Friday, October 26, 2012

A question for crypto/math peoples

I have a problem that you math/crypto types can probably easily answer. I want to create a one-to-one mapping from an input n bits long to a pseudorandom output of n bits.

In other words, consider n being 8-bits. I want a function that for every input number from [0..255] produces a random output number between [0..255], with each output number produced only once. In other words, it's a one-to-one mapping of 8 input bits to 8 output bits.

The traditional linear congruent generator PRNG used for rand() seems like an excellent choice. For n=32, I could use a function like:

unsigned translate32(uint32_t x)
{
    return (x * 214013 + 2531011) & 0xFFFFFFFF;
}

These constants are chosen to produce all 4 billion possible outputs. meaning there is a one-to-one mapping between inputs and outputs.
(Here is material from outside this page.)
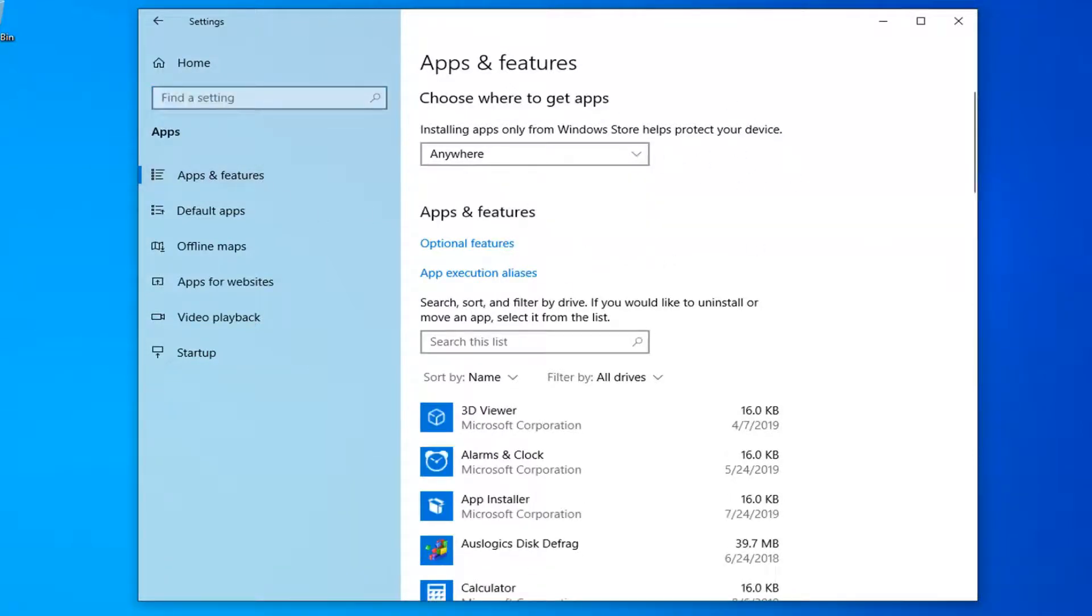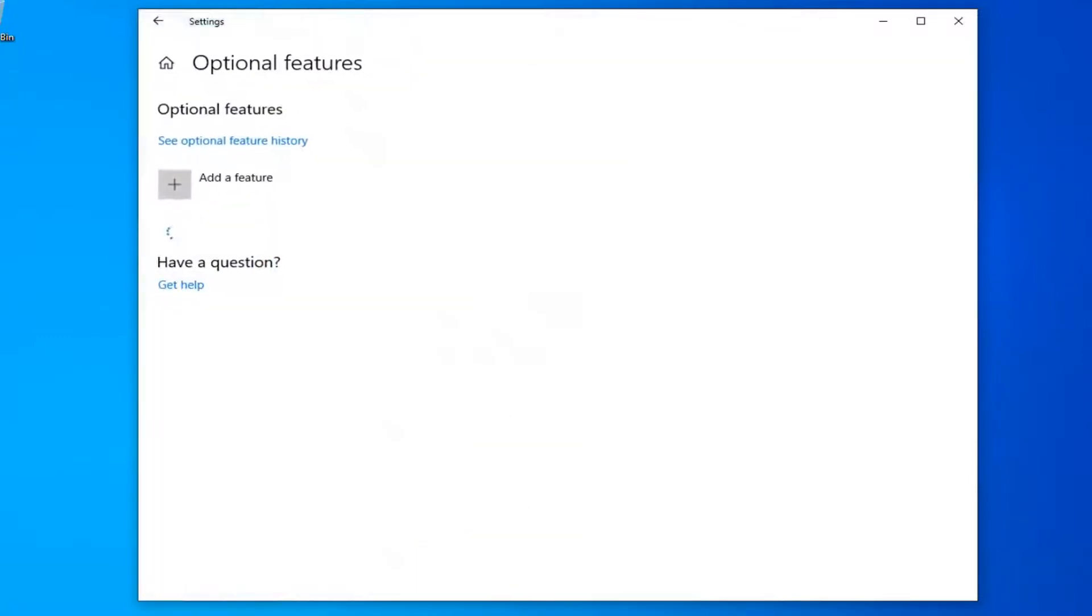And now you want to select the optional features button over here. Select add a feature.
However, I can't create an 8 bit version by doing:

#define translate8(x) translate32(x & 0xFF)& 0xFF

That's because while the constants work for 32 bits, they don't work for 8. Some outputs will be produced twice, and some outputs won't be produced at all. To make a translate8() function, I'll have to choose different constants.

How do I go about choosing the right constants? Do I simply write a program that tests a bunch of combinations until I get some that work the way I want? The thing is, I want this to work all the way out to 48-bit inputs. I doubt I could discover the right constants for 48 bits, it's not computationally feasible, unless there's some trick to it. (I really should study my Knuth better).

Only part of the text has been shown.